▸ **WHAT THE TASK ASKS**
Would you repeat each of the lines below exactly?

▸ **GIVEN DATA**
________________

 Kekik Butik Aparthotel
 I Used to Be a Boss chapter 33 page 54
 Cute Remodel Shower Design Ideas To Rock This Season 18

________________

▸ **OUTPUT FOR THIS EXERCISE**
 Kekik Butik Aparthotel
 I Used to Be a Boss chapter 33 page 54
 Cute Remodel Shower Design Ideas To Rock This Season 18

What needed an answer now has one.